Section 9.02. Amendments with Consent of Holders. (a) Subject to Section 9.02(b), this Indenture and the Securities of any series may be amended, supplemented or waived with the consent of the Holders of a majority in aggregate principal amount of the Securities of such series (including, without limitation, consents obtained in connection with a purchase of, or tender offer or exchange offer for, Securities).
(a) Notwithstanding the provisions of Section 9.02(a), without the consent of each Holder of outstanding Securities of any series affected, an amendment, supplement or waiver may not
(i) extend the final maturity of the principal of any Securities of such series;
(ii) reduce the principal amount of any Securities of such series;
(iii) reduce the rate or extend the time of payment of interest on any Securities of such series;
(iv) reduce any amount payable on redemption of any Securities of such series;
(v) change the currency in which the principal of, premium, if any, or interest on any of the Securities of such series is payable;
(vi) expressly subordinate any Security of such series to any other Indebtedness;
(vii) impair the right to institute suit for the enforcement of any payment on any of the Securities of such series when due; or
(viii) make any change in the percentage in principal amount of the Securities of such series, the consent of the Holders of which is required for any such amendment or any supplement to this Indenture or the waiver of any provision under this Indenture.
A supplemental indenture which changes or eliminates any covenant or other provision of this Indenture which has expressly been included solely for the benefit of one or more particular series of Securities, or which modifies the rights of Holders of Securities of such series with respect to such covenant or provision, shall be deemed not to affect the rights under this Indenture of the Holders of Securities of any other series or of the coupons appertaining to such Securities.
It shall not be necessary for the consent of any Holder under this Section 9.02 to approve the particular form of any proposed amendment, supplement or waiver, but it shall be sufficient if such consent approves the substance thereof. A consent to any supplement, amendment or waiver under this Indenture by any holder of Securities given in connection with a tender of such Holder’s Securities will not be rendered invalid by such tender.
An amendment, supplement or waiver under this Section shall become effective on receipt by the Trustee of written consents from the Holders of the requisite percentage in principal amount of the outstanding Securities affected thereby. After an amendment, supplement or waiver under this Section 9.02 becomes effective, the Company shall give to the Holders affected thereby a notice briefly describing the amendment, supplement or waiver.

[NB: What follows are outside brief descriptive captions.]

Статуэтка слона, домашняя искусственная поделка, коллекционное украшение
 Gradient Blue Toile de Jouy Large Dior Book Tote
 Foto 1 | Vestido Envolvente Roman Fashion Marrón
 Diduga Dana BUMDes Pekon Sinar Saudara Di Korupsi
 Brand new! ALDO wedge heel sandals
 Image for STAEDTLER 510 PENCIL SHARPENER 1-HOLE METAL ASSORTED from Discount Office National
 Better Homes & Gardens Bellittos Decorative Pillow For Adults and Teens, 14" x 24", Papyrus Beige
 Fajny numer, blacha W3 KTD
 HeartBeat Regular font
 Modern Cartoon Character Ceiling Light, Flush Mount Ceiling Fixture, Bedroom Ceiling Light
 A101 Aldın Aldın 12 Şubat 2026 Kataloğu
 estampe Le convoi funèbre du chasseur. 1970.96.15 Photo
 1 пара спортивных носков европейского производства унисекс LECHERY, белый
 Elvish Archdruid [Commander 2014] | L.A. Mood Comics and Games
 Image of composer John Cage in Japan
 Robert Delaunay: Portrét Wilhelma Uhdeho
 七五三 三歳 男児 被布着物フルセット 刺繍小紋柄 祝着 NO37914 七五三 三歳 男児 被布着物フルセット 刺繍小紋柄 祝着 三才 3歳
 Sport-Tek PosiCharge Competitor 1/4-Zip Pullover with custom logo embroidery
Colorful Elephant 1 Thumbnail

The Company shall mail supplemental indentures to Holders upon request. Any failure of the Company to mail such notice, or any defect therein, shall not, however, in any way impair or affect the validity of any such supplemental indenture or waiver.
Section 9.03. Revocation and Effect of Consent. Until an amendment, supplement or waiver becomes effective, a consent to it by a Holder is a continuing consent by the Holder and every subsequent Holder of a Security or portion of a Security that evidences the same debt as the Security of the consenting Holder, even if notation of the consent is not made on any Security. However, any such Holder or subsequent Holder may revoke the consent as to its Security or portion of its Security. Such revocation shall be effective only if the Trustee receives the notice of revocation before the date the amendment, supplement or waiver becomes effective.
The Company may, but shall not be obligated to, fix a record date (which may be not less than five nor more than 60 days prior to the solicitation of consents) for the purpose of determining the Holders of the Securities of any series affected entitled to consent to any amendment, supplement or waiver. If a record date is fixed, then,
notwithstanding the immediately preceding paragraph, those Persons who were such Holders at such record date (or their duly designated proxies) and only those Persons shall be entitled to consent to such amendment, supplement or waiver or to revoke any consent previously given, whether or not such Persons continue to be such Holders after such record date. No such consent shall be valid or effective for more than 90 days after such record date.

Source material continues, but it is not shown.